→ **THE TASK**
Once you find the line containing "afastar definitivamente de" in the data below, copy it and each following line exactly, up to and including the line containing "no ato da diplomação, para a inatividade.", and nothing else.

→ **RECORDED INFORMATION**
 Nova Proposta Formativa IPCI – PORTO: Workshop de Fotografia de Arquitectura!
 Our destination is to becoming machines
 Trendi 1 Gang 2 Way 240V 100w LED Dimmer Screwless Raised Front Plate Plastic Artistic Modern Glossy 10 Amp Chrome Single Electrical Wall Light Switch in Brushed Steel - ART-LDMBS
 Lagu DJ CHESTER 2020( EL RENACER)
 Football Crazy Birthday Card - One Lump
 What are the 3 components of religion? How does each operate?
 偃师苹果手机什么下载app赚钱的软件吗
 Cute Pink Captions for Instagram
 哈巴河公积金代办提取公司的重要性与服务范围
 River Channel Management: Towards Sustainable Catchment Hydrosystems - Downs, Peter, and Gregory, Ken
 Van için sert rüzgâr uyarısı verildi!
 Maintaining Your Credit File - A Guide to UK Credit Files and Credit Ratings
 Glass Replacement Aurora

...

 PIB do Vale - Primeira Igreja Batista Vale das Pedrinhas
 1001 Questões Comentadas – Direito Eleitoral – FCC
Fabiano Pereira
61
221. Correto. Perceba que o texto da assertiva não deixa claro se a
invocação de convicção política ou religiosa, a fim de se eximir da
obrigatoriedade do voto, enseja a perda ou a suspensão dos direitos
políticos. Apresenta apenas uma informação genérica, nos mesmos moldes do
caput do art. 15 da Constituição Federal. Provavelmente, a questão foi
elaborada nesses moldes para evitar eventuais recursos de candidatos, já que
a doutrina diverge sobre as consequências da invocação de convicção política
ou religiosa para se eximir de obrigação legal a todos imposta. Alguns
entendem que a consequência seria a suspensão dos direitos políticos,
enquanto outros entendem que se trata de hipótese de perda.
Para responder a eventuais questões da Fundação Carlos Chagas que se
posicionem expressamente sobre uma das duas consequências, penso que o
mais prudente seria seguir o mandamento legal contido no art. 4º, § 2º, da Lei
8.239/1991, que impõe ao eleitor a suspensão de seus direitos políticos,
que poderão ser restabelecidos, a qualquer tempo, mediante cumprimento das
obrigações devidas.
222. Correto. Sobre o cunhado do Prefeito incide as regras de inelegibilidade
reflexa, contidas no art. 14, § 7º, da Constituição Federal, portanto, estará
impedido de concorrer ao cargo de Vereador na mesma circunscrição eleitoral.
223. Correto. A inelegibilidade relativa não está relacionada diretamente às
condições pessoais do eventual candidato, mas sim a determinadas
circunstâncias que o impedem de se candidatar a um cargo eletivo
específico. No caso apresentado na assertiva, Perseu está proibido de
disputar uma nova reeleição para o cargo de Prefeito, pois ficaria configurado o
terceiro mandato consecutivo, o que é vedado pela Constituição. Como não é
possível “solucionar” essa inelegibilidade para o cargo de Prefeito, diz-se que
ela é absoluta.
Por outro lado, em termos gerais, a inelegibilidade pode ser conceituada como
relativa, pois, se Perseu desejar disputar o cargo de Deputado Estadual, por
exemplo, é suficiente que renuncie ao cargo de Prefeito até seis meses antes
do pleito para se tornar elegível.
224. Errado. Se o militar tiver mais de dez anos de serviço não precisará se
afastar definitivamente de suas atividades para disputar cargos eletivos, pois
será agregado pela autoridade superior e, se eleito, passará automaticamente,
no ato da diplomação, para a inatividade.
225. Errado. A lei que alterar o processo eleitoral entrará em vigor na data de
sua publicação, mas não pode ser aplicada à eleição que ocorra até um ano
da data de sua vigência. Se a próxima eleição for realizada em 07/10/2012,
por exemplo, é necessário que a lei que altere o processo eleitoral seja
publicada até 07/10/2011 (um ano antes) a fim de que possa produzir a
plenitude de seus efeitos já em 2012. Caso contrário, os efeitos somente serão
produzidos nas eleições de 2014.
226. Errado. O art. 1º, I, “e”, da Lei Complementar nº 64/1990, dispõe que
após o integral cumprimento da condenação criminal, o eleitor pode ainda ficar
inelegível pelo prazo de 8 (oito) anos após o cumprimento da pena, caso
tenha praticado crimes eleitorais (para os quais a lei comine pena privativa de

...

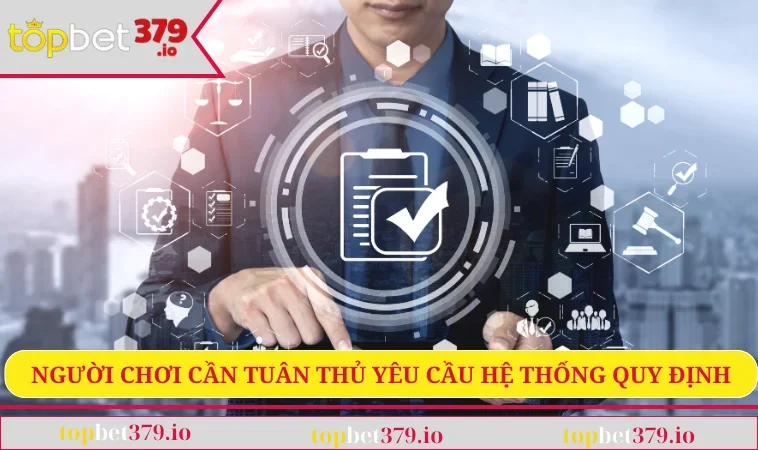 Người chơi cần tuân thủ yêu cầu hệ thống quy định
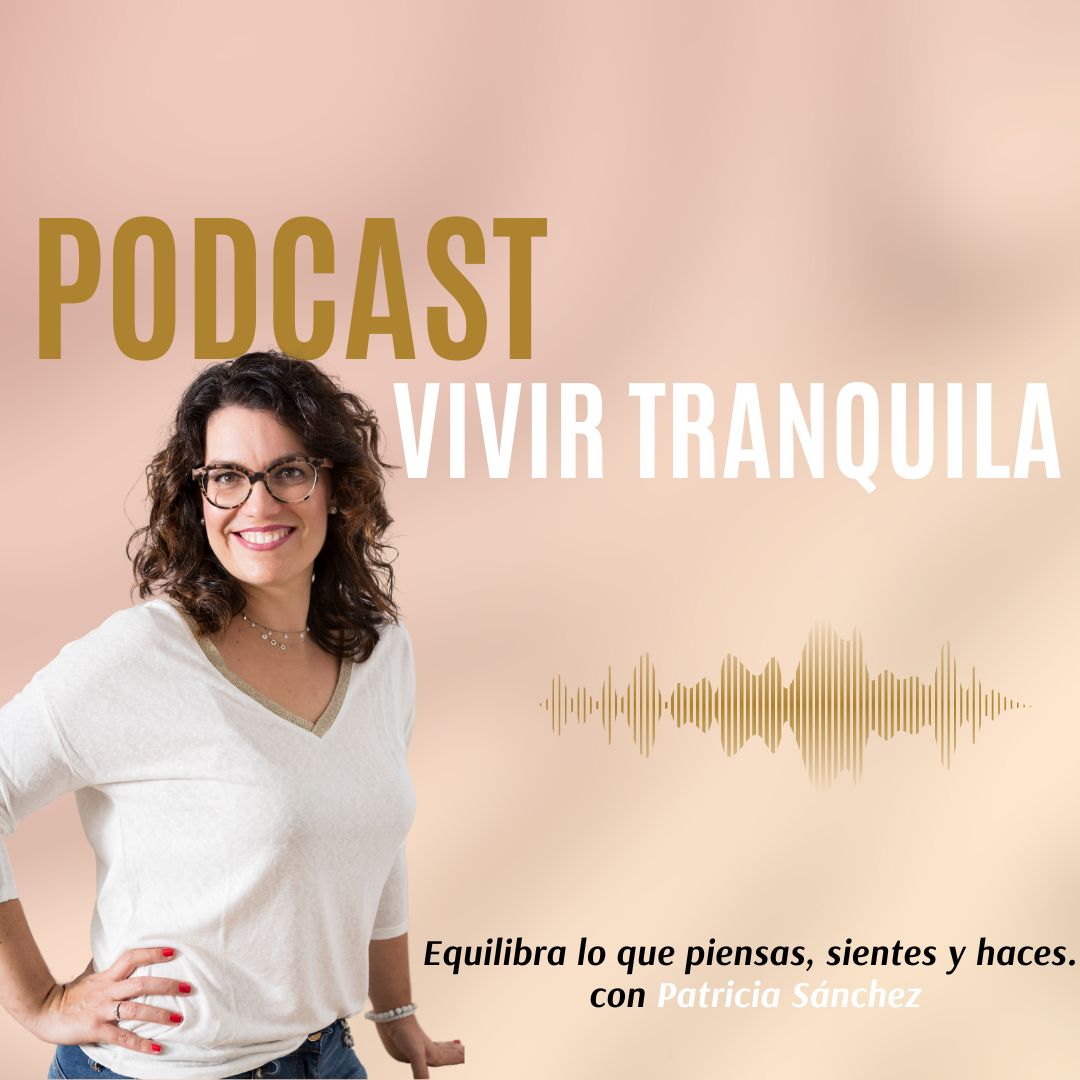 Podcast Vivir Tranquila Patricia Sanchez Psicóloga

→ **EXERCISE RESULT**
afastar definitivamente de suas atividades para disputar cargos eletivos, pois
será agregado pela autoridade superior e, se eleito, passará automaticamente,
no ato da diplomação, para a inatividade.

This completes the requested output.